Similarly, the moral equivalent metaphor raises new questions in the space resource utilization context. Is it in fact a feasible alternative to a doomed Earth, a moral equivalent to competitive growth in a zero-sum environment? If so, is it the only one? There are serious arguments to be made against feasibility, at least on the order of the next several decades to centuries. Many of these are well summarized in in James Schwartz’s The Value of Science in Space Exploration. If this is correct, the utilization of space resources may arrive either too late to avert a collapse or may only happen after one or more intermediate resource utilization advances occur, such as the invention of economical fusion energy. Concerns about such lack of feasibility, coupled with the concern that prioritizing space resource utilization and space settlement could reduce the priority of terrestrial sustainability (a potential second alternative to societal stagnation and collapse), has led to the argument that “There is no Planet B” and that we should focus on sustainability on Earth.

It is perhaps overly dramatic (“utilize space resources or else”) and it is perhaps overly pessimistic about human nature and our ability to change.

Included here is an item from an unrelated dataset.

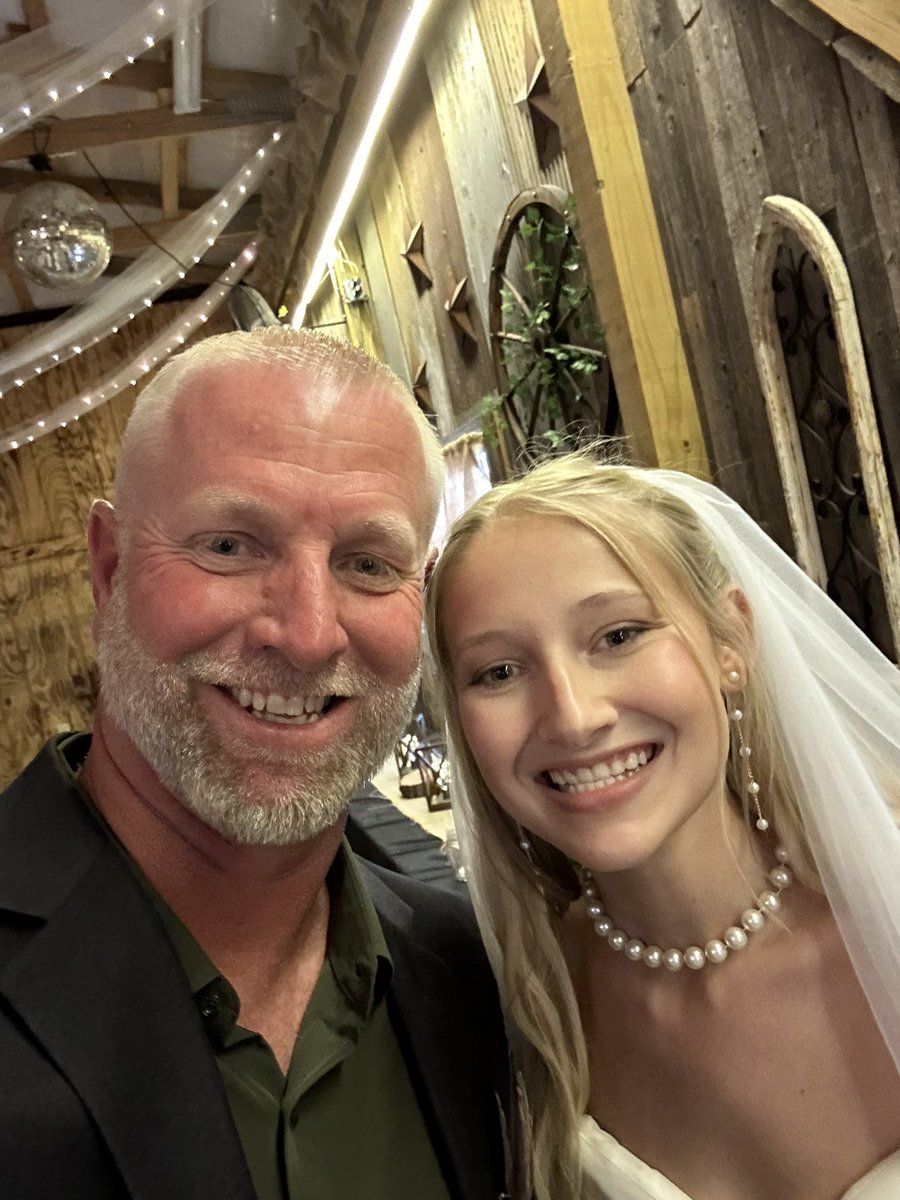 thbball20's tweet image. Last selfie as a Hussey! What a beautiful bride she was! Congratulations! I love you!!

Nonetheless, I do believe it to be a more fruitful metaphor, one that helps us to interrogate why we wish to use space resources and thereby inform how we should go about using them.

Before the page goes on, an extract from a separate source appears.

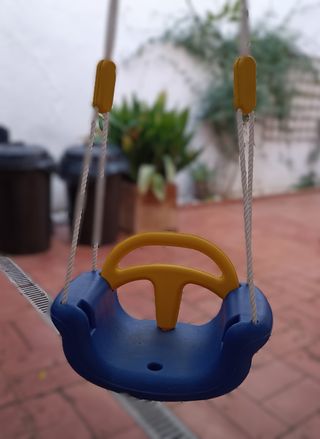 Columpio bebé plástico azul y amarillo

Another question that this framing raises is whether space resource utilization is a true alternative, either in the short term or long term. That is, by pursuing this alternative, are we merely running away from our real problem? This is akin to Mumford’s concern that the space race would merely heighten the risk of destruction in the future (which was arguably overly pessimistic considering the lack of apocalyptic war, nuclear or otherwise, since.) Perhaps space resource utilization wouldn’t, in fact, lead to any significant benefits to the population at large, due both to the high capital investments required to access these resources and due to the recent political/regulatory trends on Earth which are allowing increasing wealth and income inequality. Arguably, successful and exponential space resource utilization could result in humanity falling into the ultimate resource curse. In the long term, continued growth and expansion may hit another capacity wall further down the line. Maybe we use all of the accessible resources in the solar system before developing the means to extend our reach to other parts of the solar system or to other star systems. If that occurs, maybe the crash would be even worse than if we learned to live more sustainably now. On the other hand, perhaps space resource utilization will buy us enough time to develop the next game-changing energy source, transportation technology, manufacturing capability, or an economy that doesn’t rely on perpetual growth.

Obviously, no metaphor is perfect. The applicability of the frontier metaphor has been heavily criticized for decades. Similarly, the moral equivalent metaphor has its flaws. It is perhaps overly dramatic (“utilize space resources or else”) and it is perhaps overly pessimistic about human nature and our ability to change. Nonetheless, I do believe it to be a more fruitful metaphor, one that helps us to interrogate why we wish to use space resources and thereby inform how we should go about using them. I do not have answers to the various questions posed here, but as someone deeply invested in a space career (and lifelong fan of science fiction), I do hope that we can work together to answer them.